■ **DATA FOR REVIEW**:
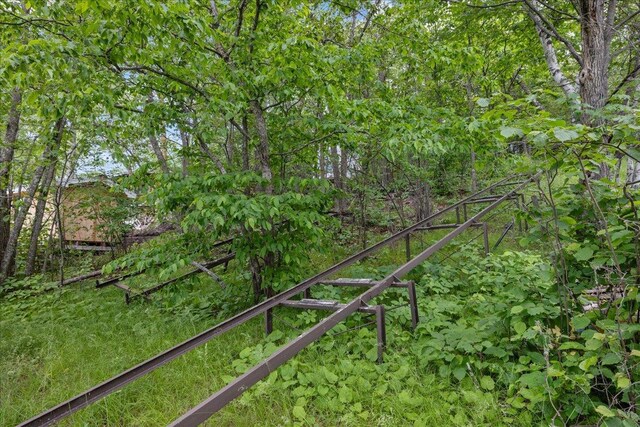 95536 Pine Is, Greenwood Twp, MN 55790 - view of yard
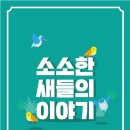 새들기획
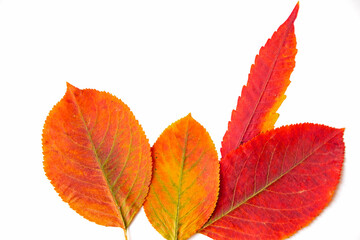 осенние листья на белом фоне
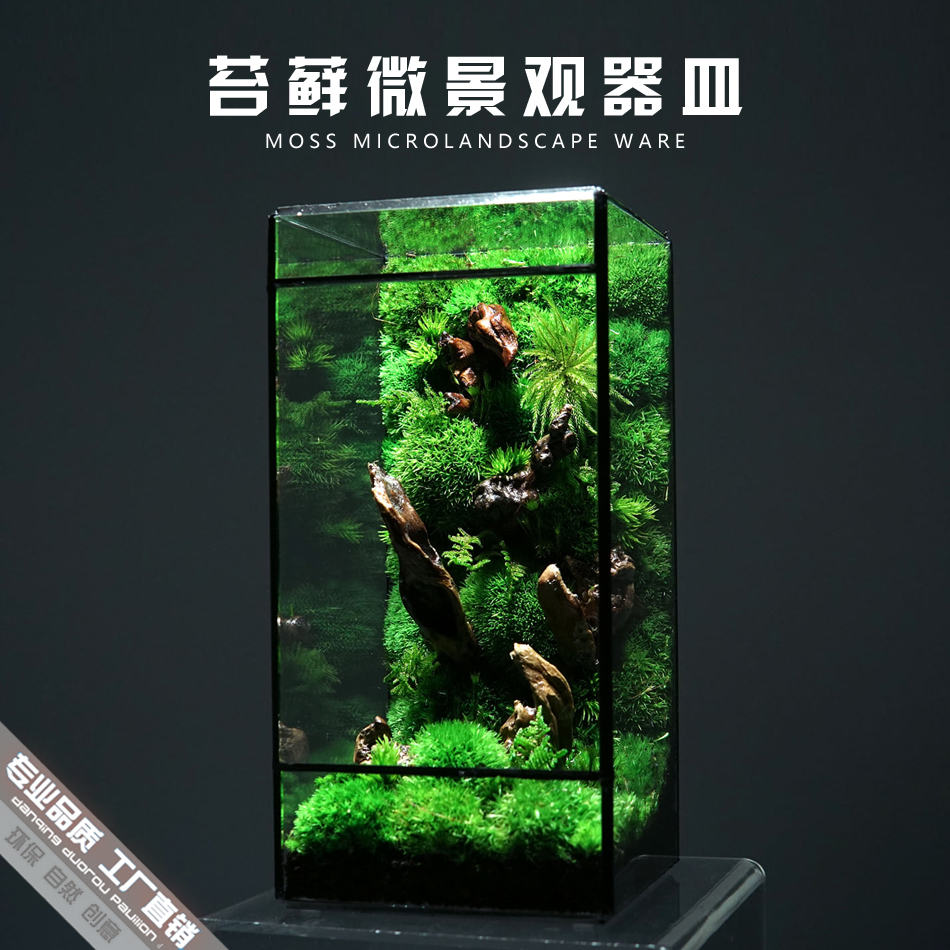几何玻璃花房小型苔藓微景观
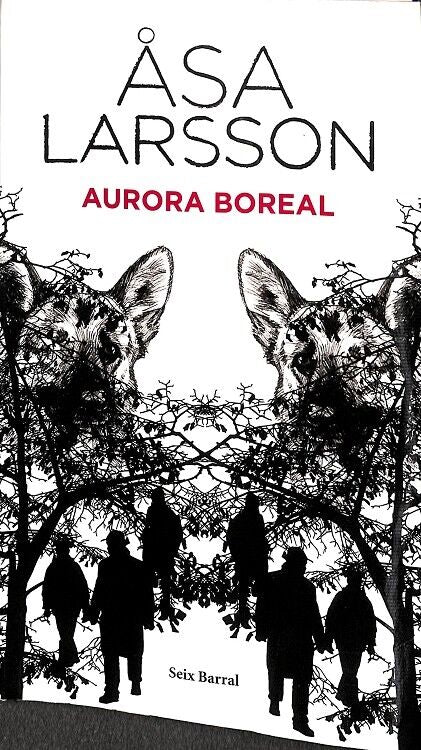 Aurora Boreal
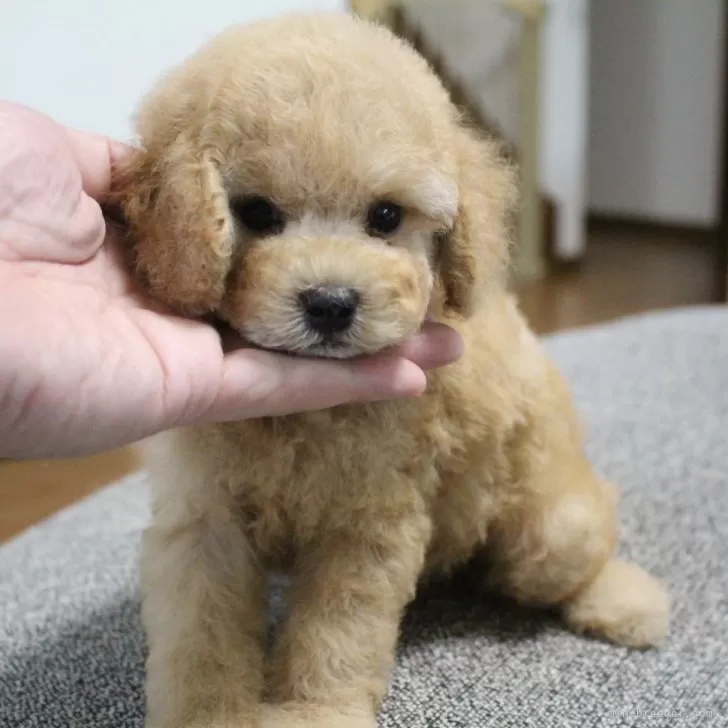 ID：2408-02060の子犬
---
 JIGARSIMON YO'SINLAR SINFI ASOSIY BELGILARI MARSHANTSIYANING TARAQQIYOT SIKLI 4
...
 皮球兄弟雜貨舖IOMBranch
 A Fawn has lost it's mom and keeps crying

■ **ASSIGNED TASK**: In the listing above, the required lines run from the line with "95536 Pine Is, Greenwood" through the line with "ID：2408-02060の子犬". Output exactly those lines, omitting pictures.

■ **EXERCISE SOLUTION**:
 95536 Pine Is, Greenwood Twp, MN 55790 - view of yard
 새들기획
 осенние листья на белом фоне
几何玻璃花房小型苔藓微景观
 Aurora Boreal
 ID：2408-02060の子犬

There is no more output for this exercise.